Error Handling Explained
Anticipating and managing failures gracefully — the practice that separates robust software from fragile software.
Error Handling
Error handling is the practice of anticipating, detecting, and responding to errors in software — from validation failures and network timeouts to unexpected exceptions. Good error handling ensures graceful degradation, useful feedback, and debuggable logs rather than silent failures or cryptic crashes.
Explanation
Errors in software are inevitable. Networks fail, users submit invalid input, databases run out of connections, third-party APIs go down. The question is not whether errors will occur but how the system responds when they do. Poor error handling — swallowing exceptions, returning generic "something went wrong" messages, or crashing entirely — makes debugging painful and erodes user trust. Effective error handling follows several principles: fail fast (detect errors as early as possible), fail loudly (log errors with sufficient context for debugging), fail gracefully (show users a helpful message and degrade functionality rather than crashing), and classify errors (distinguish between client errors the user can fix, server errors the team must fix, and transient errors that should be retried). In HTTP APIs, this maps to 4xx status codes for client errors and 5xx for server errors. Modern error handling also includes structured error responses (consistent JSON format with error code, message, and details), error boundaries in frontend frameworks (React error boundaries catch rendering failures), retry logic with exponential backoff for transient failures, and centralized error reporting (Sentry, Datadog) that aggregates errors across services and alerts the team when error rates spike.
Bookuvai Implementation
Bookuvai projects follow a standardized error handling architecture. APIs return structured error responses with error codes, human-readable messages, and field-level validation details. React frontends use error boundaries to prevent a single component failure from crashing the entire app. All errors are reported to Sentry with full stack traces, request context, and user identifiers. Our AI PM monitors error rates during milestone rollouts and automatically creates bug tickets when thresholds are exceeded.
Key Facts
- Structured error responses with consistent formats are essential for API consumers
- React error boundaries prevent component-level failures from crashing the entire application
- Centralized error reporting (Sentry) reduces mean time to detection from hours to minutes
Related Terms
Frequently Asked Questions
- Should I catch all exceptions?
- No. Only catch exceptions you can handle meaningfully. Catching and swallowing exceptions hides bugs. Use a global exception handler for unexpected errors and let it log the full context and return a 500 response.

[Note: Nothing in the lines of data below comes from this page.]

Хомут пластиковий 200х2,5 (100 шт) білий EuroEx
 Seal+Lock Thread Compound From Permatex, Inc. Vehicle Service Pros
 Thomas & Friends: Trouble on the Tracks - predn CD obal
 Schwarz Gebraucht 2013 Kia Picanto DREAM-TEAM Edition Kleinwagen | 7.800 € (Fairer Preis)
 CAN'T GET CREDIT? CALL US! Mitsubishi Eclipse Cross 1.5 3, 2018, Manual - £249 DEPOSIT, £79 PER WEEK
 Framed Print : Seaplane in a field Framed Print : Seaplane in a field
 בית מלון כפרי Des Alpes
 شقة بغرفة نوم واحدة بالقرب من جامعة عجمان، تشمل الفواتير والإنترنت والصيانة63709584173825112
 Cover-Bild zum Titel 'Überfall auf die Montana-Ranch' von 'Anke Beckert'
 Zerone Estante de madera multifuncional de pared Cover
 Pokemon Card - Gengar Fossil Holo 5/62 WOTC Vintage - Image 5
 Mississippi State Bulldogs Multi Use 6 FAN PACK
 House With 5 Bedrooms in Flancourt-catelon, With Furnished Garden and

- How should API error responses be structured?
- Use a consistent JSON format: { "error": { "code": "VALIDATION_ERROR", "message": "Email is required", "details": [...] } }. Include a machine-readable error code, a human-readable message, and optional field-level details for validation errors.
- When should I retry a failed request?
- Retry only transient errors (network timeouts, 502/503/504 responses). Never retry 4xx errors (client mistakes). Use exponential backoff with jitter to avoid thundering herd problems.